Recently, IBM officially released a lightweight visual language AI model called Granite-Docling-258M. This model is specifically designed for document conversion and features strong multilingual support, including Chinese, Arabic, and Japanese, aiming to improve the efficiency and accuracy of document processing. The parameter count of Granite-Docling-258M is 258 million, and it is an optimized model for document table processing.
Compared to traditional OCR software, Granite-Docling-258M has a significant improvement in recognition accuracy. Its output not only retains the original document layout structure but also effectively identifies various elements such as tables, mathematical formulas, lists, and code blocks. The core of this new technology lies in DocTags, a universal file structure markup language developed by IBM Research, which can accurately describe the type, position, and reading order of page elements.

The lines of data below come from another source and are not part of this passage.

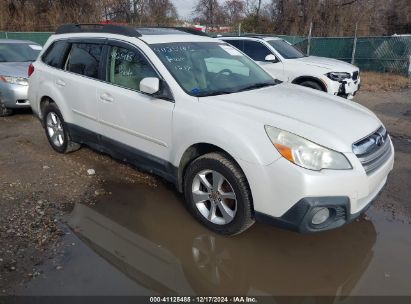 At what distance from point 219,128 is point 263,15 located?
29.8 metres

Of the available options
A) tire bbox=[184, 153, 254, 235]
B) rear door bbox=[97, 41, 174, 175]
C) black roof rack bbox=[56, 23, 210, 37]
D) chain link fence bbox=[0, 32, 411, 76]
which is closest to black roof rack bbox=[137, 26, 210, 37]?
black roof rack bbox=[56, 23, 210, 37]

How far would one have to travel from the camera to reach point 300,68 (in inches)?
359

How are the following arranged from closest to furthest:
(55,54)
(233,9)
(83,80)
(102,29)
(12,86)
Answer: (102,29)
(83,80)
(55,54)
(12,86)
(233,9)

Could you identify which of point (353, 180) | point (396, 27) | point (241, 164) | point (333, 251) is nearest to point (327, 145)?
point (353, 180)

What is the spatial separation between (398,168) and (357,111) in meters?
1.98

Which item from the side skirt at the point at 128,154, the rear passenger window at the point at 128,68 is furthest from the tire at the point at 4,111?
the rear passenger window at the point at 128,68

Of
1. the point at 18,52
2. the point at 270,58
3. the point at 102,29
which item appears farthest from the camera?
the point at 18,52

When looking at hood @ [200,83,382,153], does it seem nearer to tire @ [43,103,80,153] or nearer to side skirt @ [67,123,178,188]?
side skirt @ [67,123,178,188]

During the document conversion process, Granite-Docling-258M first identifies the various elements in the document and then performs OCR recognition. This method makes content extraction and output more efficient and accurate. After conversion, users can export the content in multiple formats such as Markdown, JSON, and HTML, meeting different usage needs. In addition, IBM plans to incorporate the DocTags vocabulary into the tokenizer and training process of Granite to further enhance the model's performance.
Currently, Granite-Docling-258M has not reached the level of enterprise application, but IBM states that they will continue to expand the range of supported languages and improve the reliability of the model. In the future, IBM will also focus on enhancing the compatibility of DocTags with IBM watsonx.ai models to ensure comprehensive application of the technology.
The release of this new model undoubtedly brings new technological choices to the field of document processing and provides strong support for improving efficiency in related industries.
huggingface:https://huggingface.co/ibm-granite/granite-docling-258M
Key Points:
📄 ** Lightweight Model **: IBM released Granite-Docling-258M, specifically designed for document conversion.
🔍 ** High Accuracy **: This model has higher recognition accuracy than traditional OCR software and supports various document elements.
🌍 ** Multilingual Support **: Granite-Docling-258M currently supports Chinese, Arabic, and Japanese, and will expand to more languages in the future.